Study finds weak participation on Web 2.0 sites - gibsonf1
http://news.com.com/Study+finds+weak+participation+on+Web+2.0+sites/2100-1032_3-6177059.html?tag=nefd.top
======
pg
Odd spin to the title. The ratios they quote sound about what I'd predict.
What standard are they weak in comparison to? Presumably whatever uneducated
guess the writer of this article already had in his head. This kind of thing
is exactly why traditional journalism sucks.

------
Goladus
However low it might be, as a ratio, isn't something I'd really be too
concerned with. The ratio of Steven Spielberg to everyone who sees his movies
is pretty low, for example. I don't think that's a problem.

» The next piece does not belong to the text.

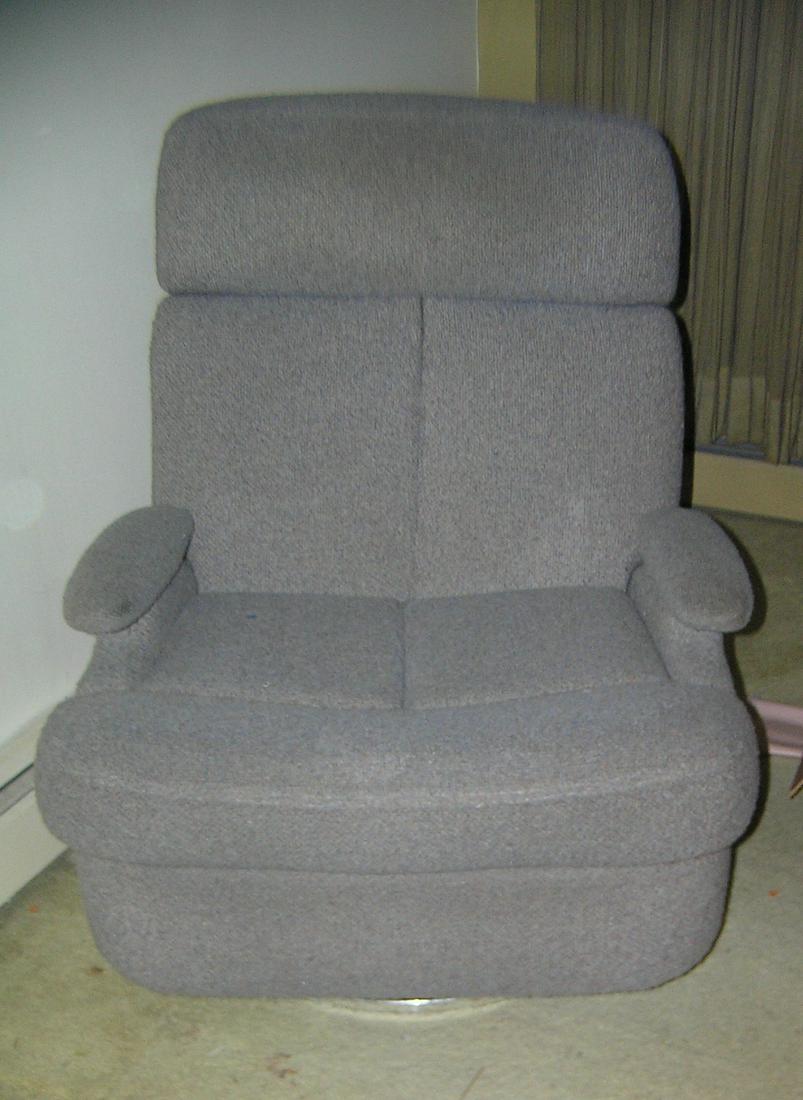 Modern reclining arm chair with retractable foot rest: Modern reclining arm chair with retractable foot rest part of a moving and storage company seized or unclaimed merchandise group sent to auction for liquidation est. value $125.00-$150.00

Only 0.2% of users upload photos to flikr, probably because the number of
lurkers has skyrocketed. The number of quality contributors only needs to grow
fast enough to keep the lurkers and voters growing.

------
timg
No kidding. As much as some people around here hate to hear it, sometimes you
have to FORCE your users _provide_ content before they can _receive_ their
fill of content from your app. What are the benefits/costs of each approach?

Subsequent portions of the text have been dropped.